Individual Savings Accounts (or ISAs as they are more commonly known) have become one of the most tax efficient ways to make regular, long-term savings. Introduced in 1999 by the Labour government, they replaced PEPs and TESSAs.
Commonly, investors believe that ISAs are investments in their own rights, such as shares or bonds. This is not actually the case; an ISA is simply a 'wrapper' that enables a company, often a bank or building society, to place other investment types such as shares or cash into the ISA in order to offer a tax free saving.
ISAs are offered in two key different types of instrument, namely cash and shares; most people will see references made to 'mini cash ISAs' as well as traditional 'share ISAs'.
Quite simply, an ISA is a savings account where the interest accrued does not attract income tax. Therefore, if you are a higher rate tax payer who would normally pay tax on interest achieved at the 40 percent tax rate, placing your cash savings in an ISA will allow you to receive any income generated free of tax.
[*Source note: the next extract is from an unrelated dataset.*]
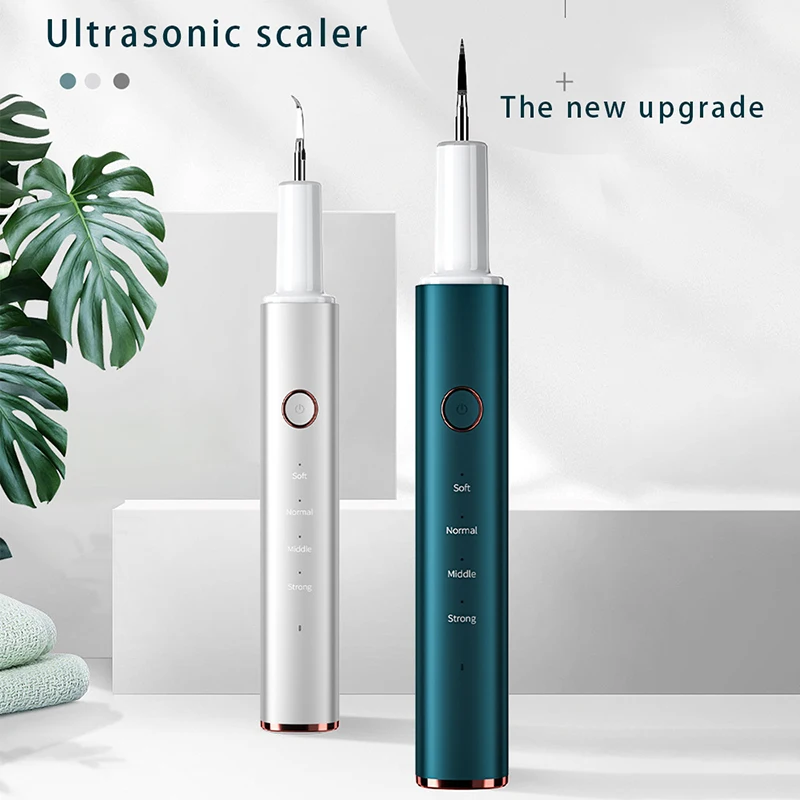 Home Electric Sonic Dental Calculus Scaler Oral Teeth Tartar Remover Plaque Stains Cleaner Removal Teeth Whitening Portable Tool
Home Electric Sonic Dental Calculus Scaler Oral Teeth Tartar Remover Plaque Stains Cleaner Removal Teeth Whitening Portable Tool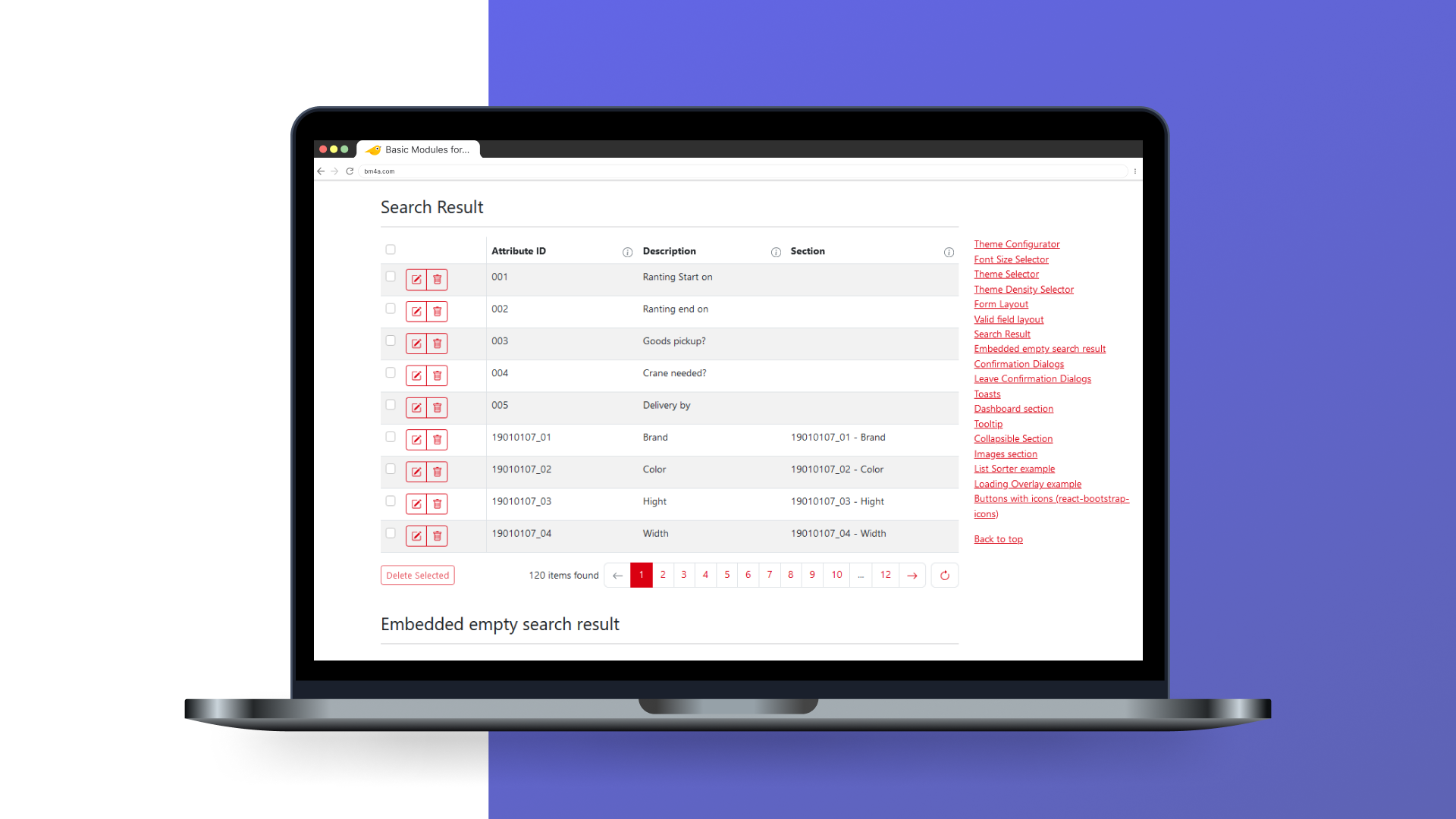 BM4A EQS Software - BM4A EQS search result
As an ISA is merely a type of account, there is a huge range of rates available depending on the specific account you select. An instant access ISA will generally produce a much lower rate of return than an ISA that is fixed and does not allow withdrawals for a long period of time.
When investing in an ISA, you will have to decide whether you want to invest in a Mini ISA or a Maxi ISA. A good way of remembering the difference is that if you want to maximise your share holding as part of an ISA, then you will be looking for a Maxi ISA. If you wish only to maintain a cash-based investment, then you will be better off opting for a Mini ISA.
With a Maxi ISA, all products have to be purchased from one provider. Therefore, if you are purchasing both cash and shares, they will both have to come from the same company. In this case, the entire amount of your annual investment could be held in shares. With a Mini ISA, it is possible to purchase the cash and shares from two different sources.